• [Aim of the task]
The output is the lines below from the one with "行银易贷贷款逾期12天会不会上征信" through the one with "心屋仁之助さんに学ぶ「ありの", both included, printed exactly and with no other line.

··· Data under study ···

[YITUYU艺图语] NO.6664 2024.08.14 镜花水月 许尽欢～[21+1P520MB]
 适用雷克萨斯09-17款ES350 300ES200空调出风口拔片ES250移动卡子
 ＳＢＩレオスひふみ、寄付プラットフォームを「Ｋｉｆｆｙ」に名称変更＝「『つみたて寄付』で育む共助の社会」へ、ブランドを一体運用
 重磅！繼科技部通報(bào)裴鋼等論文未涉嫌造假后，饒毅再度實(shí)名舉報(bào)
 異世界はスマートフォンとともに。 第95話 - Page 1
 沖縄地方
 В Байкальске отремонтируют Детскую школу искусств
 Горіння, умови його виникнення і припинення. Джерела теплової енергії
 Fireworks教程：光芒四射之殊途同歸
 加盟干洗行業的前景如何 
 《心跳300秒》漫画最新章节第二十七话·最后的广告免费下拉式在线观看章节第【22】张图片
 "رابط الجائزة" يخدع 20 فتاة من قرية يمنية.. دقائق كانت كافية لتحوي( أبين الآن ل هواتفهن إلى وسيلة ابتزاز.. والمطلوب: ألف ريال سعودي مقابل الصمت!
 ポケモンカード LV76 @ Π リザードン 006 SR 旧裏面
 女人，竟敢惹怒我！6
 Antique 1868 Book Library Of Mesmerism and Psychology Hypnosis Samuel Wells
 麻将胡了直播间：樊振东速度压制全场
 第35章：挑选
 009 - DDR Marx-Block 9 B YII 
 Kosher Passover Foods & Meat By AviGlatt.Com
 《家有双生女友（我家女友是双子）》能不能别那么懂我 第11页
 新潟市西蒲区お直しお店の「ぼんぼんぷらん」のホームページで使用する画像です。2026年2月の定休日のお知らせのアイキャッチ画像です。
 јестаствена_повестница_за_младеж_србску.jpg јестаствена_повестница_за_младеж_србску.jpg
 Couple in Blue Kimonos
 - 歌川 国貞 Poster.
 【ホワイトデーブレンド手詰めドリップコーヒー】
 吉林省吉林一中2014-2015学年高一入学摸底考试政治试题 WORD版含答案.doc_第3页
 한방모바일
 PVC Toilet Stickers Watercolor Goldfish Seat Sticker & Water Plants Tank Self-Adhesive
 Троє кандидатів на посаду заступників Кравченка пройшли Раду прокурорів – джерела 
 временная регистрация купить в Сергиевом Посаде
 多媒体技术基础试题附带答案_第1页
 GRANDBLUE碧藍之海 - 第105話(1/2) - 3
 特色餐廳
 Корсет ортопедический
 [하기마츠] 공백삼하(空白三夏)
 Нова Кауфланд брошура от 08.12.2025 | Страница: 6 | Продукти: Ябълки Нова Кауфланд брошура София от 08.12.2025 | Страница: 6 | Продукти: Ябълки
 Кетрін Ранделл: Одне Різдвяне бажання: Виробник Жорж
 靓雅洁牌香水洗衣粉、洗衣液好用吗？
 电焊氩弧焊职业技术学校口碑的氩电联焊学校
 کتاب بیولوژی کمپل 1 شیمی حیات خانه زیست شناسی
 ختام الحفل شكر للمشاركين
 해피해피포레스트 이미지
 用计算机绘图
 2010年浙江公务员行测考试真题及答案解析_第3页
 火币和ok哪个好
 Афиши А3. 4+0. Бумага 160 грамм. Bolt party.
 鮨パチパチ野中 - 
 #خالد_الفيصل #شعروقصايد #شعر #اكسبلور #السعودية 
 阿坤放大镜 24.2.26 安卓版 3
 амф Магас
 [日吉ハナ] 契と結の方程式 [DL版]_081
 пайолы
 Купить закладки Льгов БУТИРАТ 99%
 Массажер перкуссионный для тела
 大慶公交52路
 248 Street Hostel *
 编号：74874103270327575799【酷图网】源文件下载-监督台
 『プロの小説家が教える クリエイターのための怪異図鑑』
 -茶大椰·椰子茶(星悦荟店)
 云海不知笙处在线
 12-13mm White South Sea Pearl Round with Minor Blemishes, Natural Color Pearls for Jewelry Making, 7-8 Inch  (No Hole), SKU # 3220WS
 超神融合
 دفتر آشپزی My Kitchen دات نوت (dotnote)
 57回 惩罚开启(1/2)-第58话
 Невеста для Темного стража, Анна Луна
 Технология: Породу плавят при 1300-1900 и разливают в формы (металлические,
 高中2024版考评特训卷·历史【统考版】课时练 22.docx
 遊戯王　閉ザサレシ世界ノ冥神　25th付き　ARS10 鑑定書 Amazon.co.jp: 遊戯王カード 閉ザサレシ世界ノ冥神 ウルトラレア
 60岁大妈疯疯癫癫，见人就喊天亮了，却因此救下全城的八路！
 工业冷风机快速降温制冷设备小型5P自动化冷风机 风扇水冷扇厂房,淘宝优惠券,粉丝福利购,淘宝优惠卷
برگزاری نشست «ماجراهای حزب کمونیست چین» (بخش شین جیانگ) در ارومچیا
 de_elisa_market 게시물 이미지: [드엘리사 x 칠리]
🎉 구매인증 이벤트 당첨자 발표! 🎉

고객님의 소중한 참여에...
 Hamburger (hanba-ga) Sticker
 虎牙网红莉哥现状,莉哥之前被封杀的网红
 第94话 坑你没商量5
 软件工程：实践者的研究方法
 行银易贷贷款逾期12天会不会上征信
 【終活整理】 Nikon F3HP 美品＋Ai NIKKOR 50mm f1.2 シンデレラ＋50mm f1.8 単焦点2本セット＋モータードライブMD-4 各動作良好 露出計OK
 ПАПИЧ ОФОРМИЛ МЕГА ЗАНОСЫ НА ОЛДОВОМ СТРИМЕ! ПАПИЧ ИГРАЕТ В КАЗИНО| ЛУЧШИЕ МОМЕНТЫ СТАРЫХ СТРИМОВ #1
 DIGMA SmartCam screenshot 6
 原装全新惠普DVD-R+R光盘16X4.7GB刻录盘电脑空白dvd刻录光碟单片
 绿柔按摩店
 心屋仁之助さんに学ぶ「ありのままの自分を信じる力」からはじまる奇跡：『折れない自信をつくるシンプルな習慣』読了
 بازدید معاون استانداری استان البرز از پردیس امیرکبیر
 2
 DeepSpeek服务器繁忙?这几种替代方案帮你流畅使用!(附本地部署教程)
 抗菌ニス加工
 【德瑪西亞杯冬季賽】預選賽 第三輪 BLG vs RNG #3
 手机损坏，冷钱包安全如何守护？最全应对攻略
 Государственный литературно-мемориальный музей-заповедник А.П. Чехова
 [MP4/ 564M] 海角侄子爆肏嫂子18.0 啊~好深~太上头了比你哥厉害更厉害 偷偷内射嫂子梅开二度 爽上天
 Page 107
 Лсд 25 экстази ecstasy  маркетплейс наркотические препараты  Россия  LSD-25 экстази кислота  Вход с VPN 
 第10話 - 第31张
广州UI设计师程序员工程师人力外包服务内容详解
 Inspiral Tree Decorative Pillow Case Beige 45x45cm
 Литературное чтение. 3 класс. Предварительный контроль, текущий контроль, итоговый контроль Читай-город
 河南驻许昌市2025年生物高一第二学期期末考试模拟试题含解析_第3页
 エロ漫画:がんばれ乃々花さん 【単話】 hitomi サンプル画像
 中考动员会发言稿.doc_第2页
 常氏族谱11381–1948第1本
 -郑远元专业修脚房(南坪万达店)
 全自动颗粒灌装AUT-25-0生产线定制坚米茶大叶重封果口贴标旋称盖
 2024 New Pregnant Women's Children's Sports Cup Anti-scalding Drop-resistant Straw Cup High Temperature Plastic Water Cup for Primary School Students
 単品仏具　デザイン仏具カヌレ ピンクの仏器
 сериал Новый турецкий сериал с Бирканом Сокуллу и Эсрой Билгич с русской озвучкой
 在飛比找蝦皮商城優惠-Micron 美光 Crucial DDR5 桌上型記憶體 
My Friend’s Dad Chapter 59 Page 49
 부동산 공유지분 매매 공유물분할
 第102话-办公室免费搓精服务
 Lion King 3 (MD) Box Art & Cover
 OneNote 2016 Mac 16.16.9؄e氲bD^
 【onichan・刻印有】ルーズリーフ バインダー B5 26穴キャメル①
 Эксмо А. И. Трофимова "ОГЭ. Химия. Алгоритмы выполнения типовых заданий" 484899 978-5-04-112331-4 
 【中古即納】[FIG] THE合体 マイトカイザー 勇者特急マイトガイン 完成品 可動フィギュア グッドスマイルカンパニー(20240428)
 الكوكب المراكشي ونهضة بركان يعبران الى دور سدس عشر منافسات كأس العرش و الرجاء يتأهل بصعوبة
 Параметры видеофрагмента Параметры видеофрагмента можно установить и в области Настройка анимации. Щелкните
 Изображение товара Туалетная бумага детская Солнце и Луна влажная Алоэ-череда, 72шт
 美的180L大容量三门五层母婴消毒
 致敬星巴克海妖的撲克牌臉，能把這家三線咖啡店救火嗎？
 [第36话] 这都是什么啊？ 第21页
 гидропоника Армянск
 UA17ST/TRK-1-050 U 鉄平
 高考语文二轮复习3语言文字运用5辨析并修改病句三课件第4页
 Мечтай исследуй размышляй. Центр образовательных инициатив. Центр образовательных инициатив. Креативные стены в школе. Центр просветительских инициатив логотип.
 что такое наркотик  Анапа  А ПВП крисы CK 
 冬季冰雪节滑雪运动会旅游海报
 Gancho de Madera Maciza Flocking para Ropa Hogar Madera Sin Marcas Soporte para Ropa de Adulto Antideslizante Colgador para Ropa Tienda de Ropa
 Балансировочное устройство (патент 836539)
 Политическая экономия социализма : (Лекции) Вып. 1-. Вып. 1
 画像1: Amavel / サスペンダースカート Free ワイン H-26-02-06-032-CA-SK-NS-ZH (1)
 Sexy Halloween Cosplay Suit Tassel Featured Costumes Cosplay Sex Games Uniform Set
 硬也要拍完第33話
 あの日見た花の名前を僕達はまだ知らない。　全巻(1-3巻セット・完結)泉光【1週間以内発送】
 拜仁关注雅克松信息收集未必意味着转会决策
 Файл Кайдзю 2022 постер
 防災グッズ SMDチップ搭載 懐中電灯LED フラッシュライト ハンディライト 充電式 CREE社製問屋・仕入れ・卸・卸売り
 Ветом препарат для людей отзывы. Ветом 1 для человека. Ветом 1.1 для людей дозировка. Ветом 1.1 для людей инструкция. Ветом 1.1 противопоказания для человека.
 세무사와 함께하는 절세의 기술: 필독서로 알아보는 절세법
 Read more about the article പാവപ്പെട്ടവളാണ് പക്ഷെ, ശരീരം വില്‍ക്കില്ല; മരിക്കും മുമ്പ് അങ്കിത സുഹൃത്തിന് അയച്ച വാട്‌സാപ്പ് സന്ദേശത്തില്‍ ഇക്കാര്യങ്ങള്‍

···

• [Your response]
 行银易贷贷款逾期12天会不会上征信
 【終活整理】 Nikon F3HP 美品＋Ai NIKKOR 50mm f1.2 シンデレラ＋50mm f1.8 単焦点2本セット＋モータードライブMD-4 各動作良好 露出計OK
 ПАПИЧ ОФОРМИЛ МЕГА ЗАНОСЫ НА ОЛДОВОМ СТРИМЕ! ПАПИЧ ИГРАЕТ В КАЗИНО| ЛУЧШИЕ МОМЕНТЫ СТАРЫХ СТРИМОВ #1
 DIGMA SmartCam screenshot 6
 原装全新惠普DVD-R+R光盘16X4.7GB刻录盘电脑空白dvd刻录光碟单片
 绿柔按摩店
 心屋仁之助さんに学ぶ「ありのままの自分を信じる力」からはじまる奇跡：『折れない自信をつくるシンプルな習慣』読了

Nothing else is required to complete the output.